Probiotics in pigs may reduce Salmonella

05-09-2007 | |
Probiotics in pigs may reduce Salmonella

Probiotics have shown promise in reducing incidence of Salmonella (picture) in pigs, say researchers from the UK.

Probiotics, also known as ‘good bacteria’ naturally occur in the gut of humans and other animals and are understood to boost immunity and help prevent bad bacteria from causing illness.

By adding them to feed or food, the aim is to boost the population of good bacteria in the gut to improve the digestive process.

Increase food safety
Now, however, it seems there may be grounds for probiotics to be fed to pigs to reduce incidence of Salmonella – an idea that could not only open a new sales channel for suppliers but also increase the safety of food products and decrease salmonella cases in humans.

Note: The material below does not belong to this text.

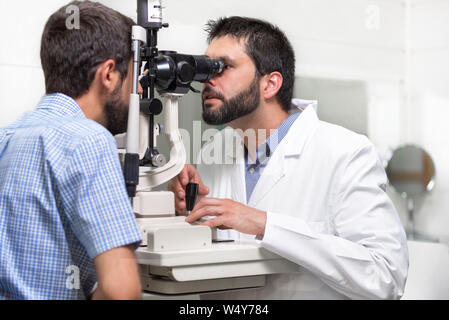 Männlicher Arzt Augenarzt überprüft das Auge Vision von gutaussehenden jungen Mann in der modernen Klinik. Arzt und Patient in der Augenheilkunde Klinik. Stockfoto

Researchers from the UK’s Veterinary Laboratories Agency in Weybridge, Surrey, reported positive results from a 3D model of a pig gut. Their findings are presented today at the meeting of Society for General Microbiology in Edinburgh, UK.

Pig gut model
The experiment involved a special technique based on NASA space technology that enabled the researchers to grow pieces of pig gut in a three-dimentional matrix that replicates the natural environment inside a pig’s gut.

“The 3D model specifically allows us to test the potential benefits of probiotics as viable alternatives to growth promoters in pigs,” said researcher James Collins.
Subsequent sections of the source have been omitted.